You know, this just proves the old adage: Some men can learn by reading about others' mistakes, and some can learn by hearing about them, but there are a few who just have to pee on the electric fence for themselves.
Team Astana is probably toast after this, and for their epitaph I nominate this post's title: Righteous is the destiny of fools. Because the guy who told Vinokourov that this stunt was a good idea is a true paragon of drooling idiocy, and anyone taking his advice isn't far behind.
It boggles the mind. But Vino, after suffering two crashes and falling far behind in the general classification, was a desperate, desperate man. Desperate men take desperate measures. Even when they don't make a whole lot of sense to those of us standing on the outside.

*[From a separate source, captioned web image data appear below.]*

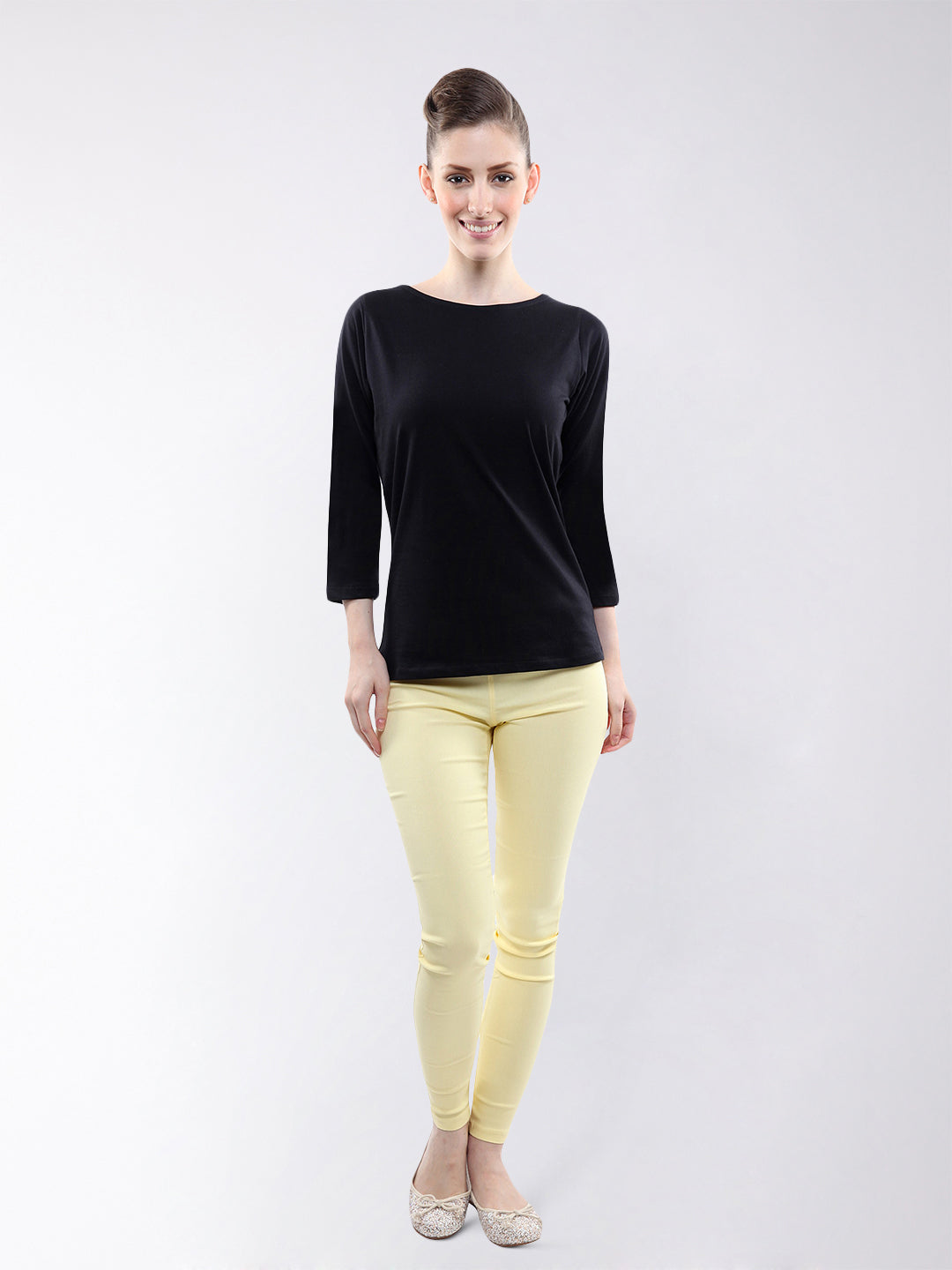 Women's Black Round Neck 3/4 Sleeves Solid Zippered Top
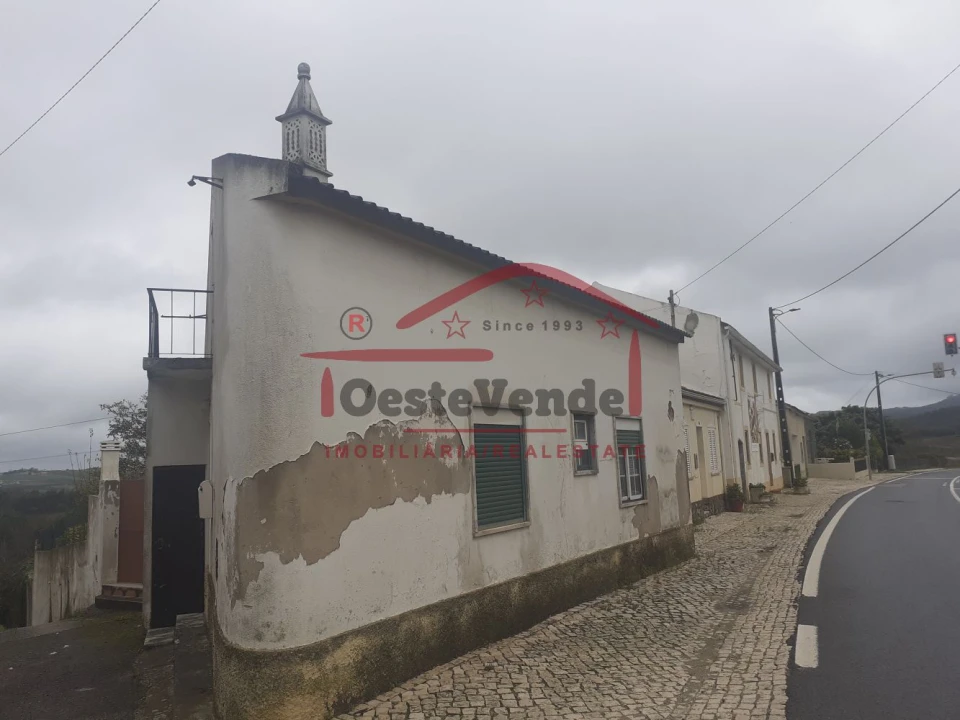 Moradia T1 para Venda em Peral Foto 3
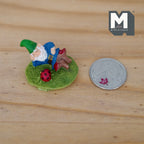 Nain de jardin miniature endormi à l'échelle 1:12 sur socle en herbe, amanite tue-mouches rouge, 3,2 cm (1 1/4 po) de large, accessoire de maison de poupée DIY (résine coulée)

Granted, we are talking about the same lab whose clown-tastic methodology I spoke about earlier. But this test is sufficiently idiot-proof that even LNDD couldn't screw it up. You mix in a little dye with the blood sample, you run it past a laser, and if the colors change, presto! You've found evidence of blood-diddling. A trained monkey could probably run this test.

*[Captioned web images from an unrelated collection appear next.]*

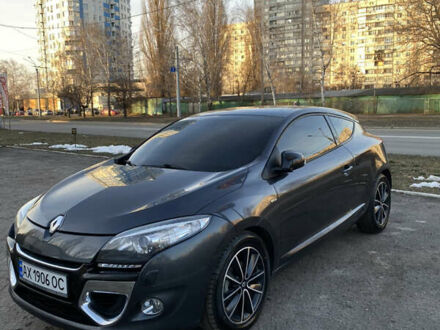 Рено Меган 2013 в Харькове на Automoto.ua Серый Рено Меган, объемом двигателя 1.46 л и пробегом 195 тыс. км за 8000 $, фото 1 на Automoto.ua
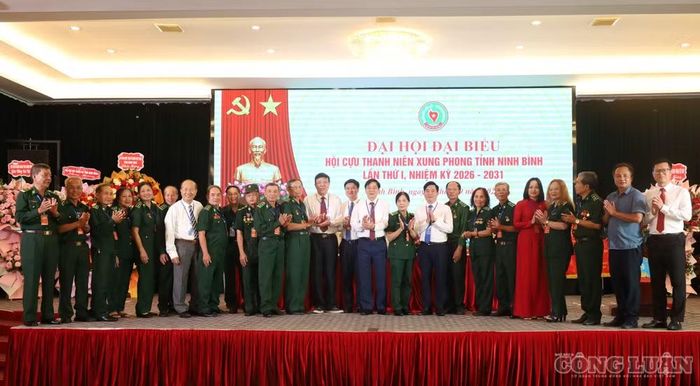 Ban Chấp hành Hội cựu TNXP tỉnh Ninh Bình khóa I nhiệm kỳ 2026-2031 ra mắt Đại hội và chụp ảnh lưu niệm.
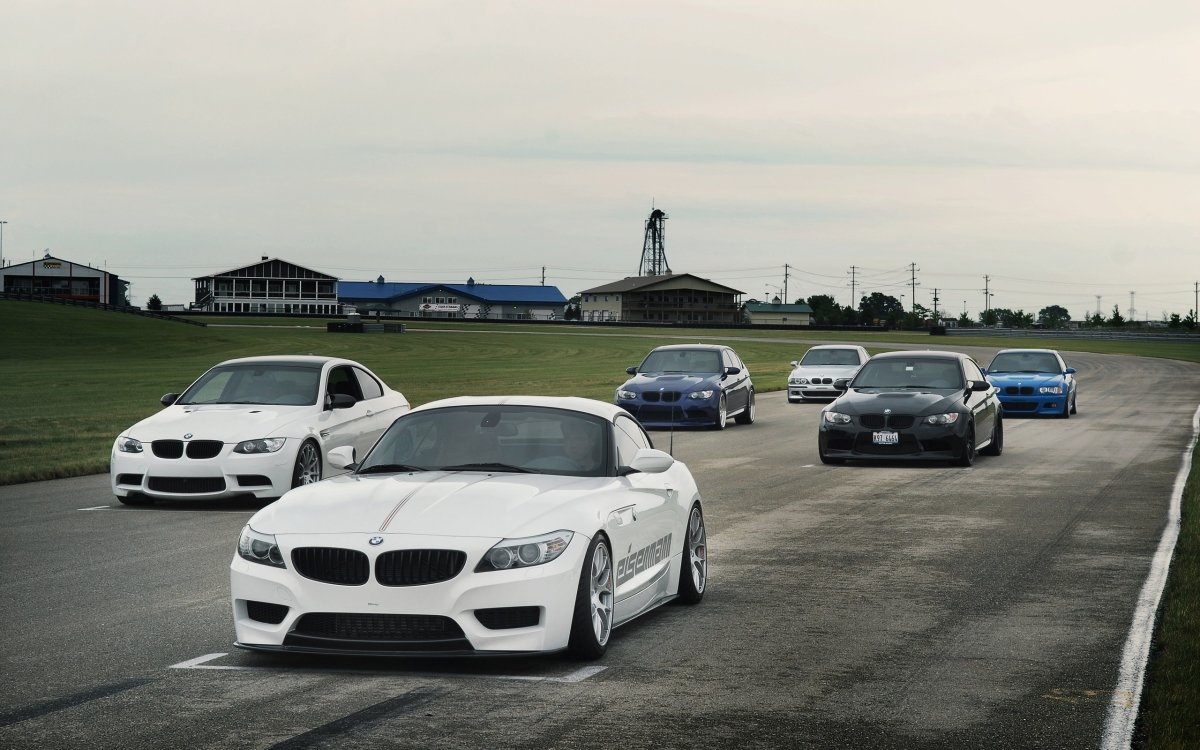 BMW много машин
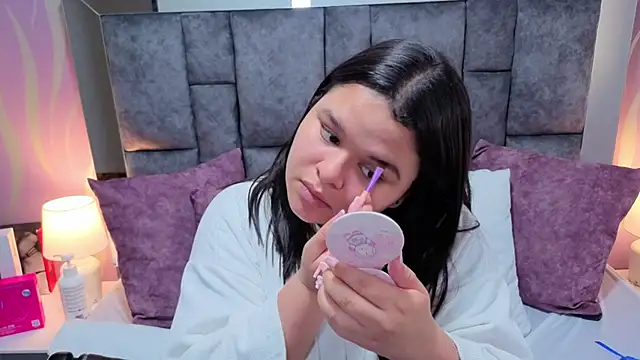 Snapshot of SamanthaPaImer chatting on November 15, 2025, 8:02 pm SamanthaPaImer online show from November 15, 2025, 8:02 pm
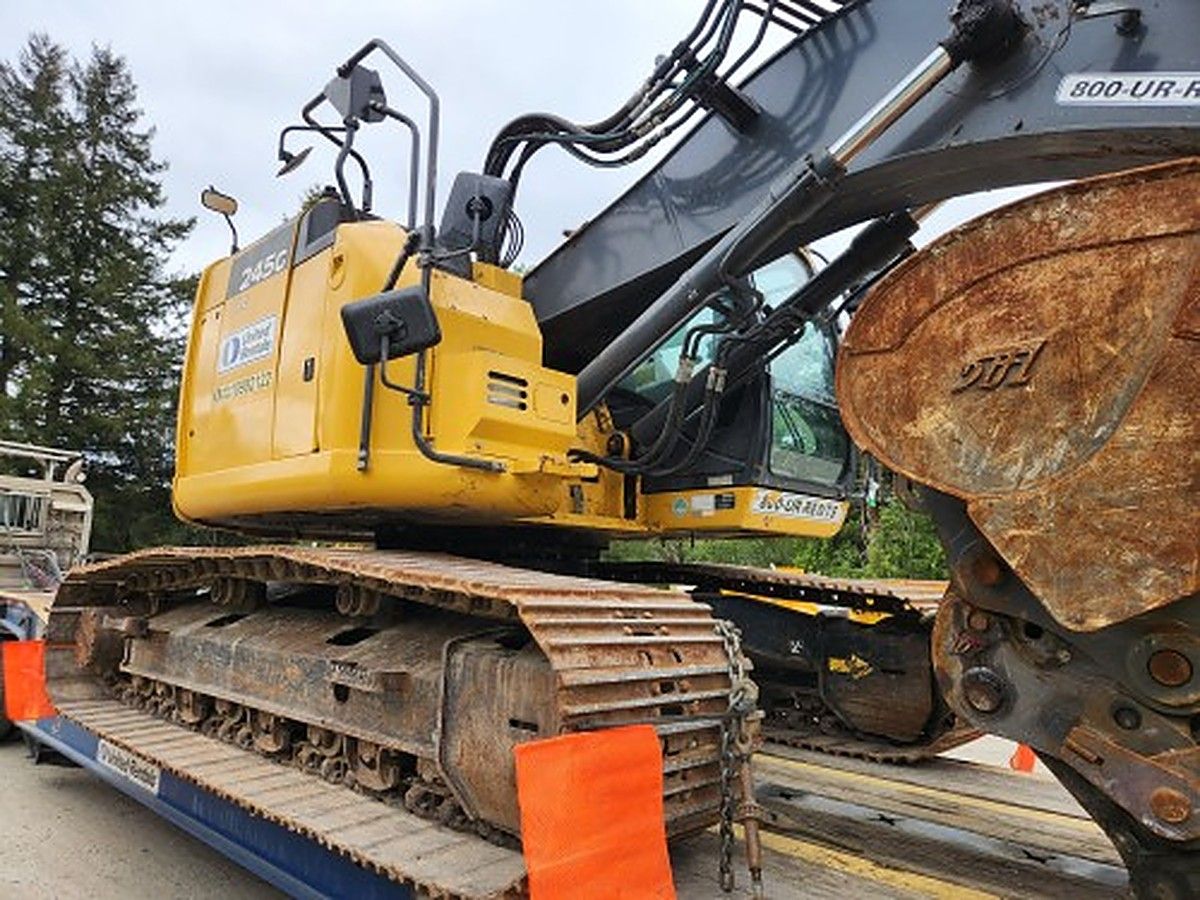 JOHN DEERE 245G LC photo 7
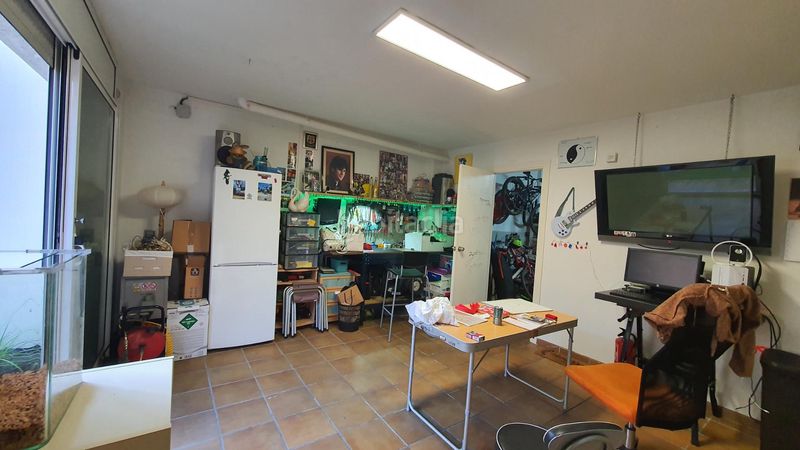 Foto ff8407c5-0d14-472a-aa94-7d7a15b801a7. Casa adossada amb aparcament a Canet de Mar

So: If this doping technique is so damn easy to spot, why does anyone bother using it? Beats me. But people do stupid things all the time. Hundreds of times daily, poor dumb bastards lose their shirts in Vegas trying to draw to inside straights, for example. And every spring some fool goes on an impromptu boating trip when he tries to drive his truck across a rain-swollen creek. And every last one of them thinks that they're the clever one who'll beat the odds.
Right. Sure they are.
Vino gambled and lost, and in the process has dug a nice smoking hole for his career. And like the leader of a flight demonstration team who augers in, he's liable to take his team with him. And you know what? I really can't say that I feel for them.
There's no way this is the result of lab incompetence. This is something that Vinokourov and Astana have brought upon themselves, and they only have themselves to blame.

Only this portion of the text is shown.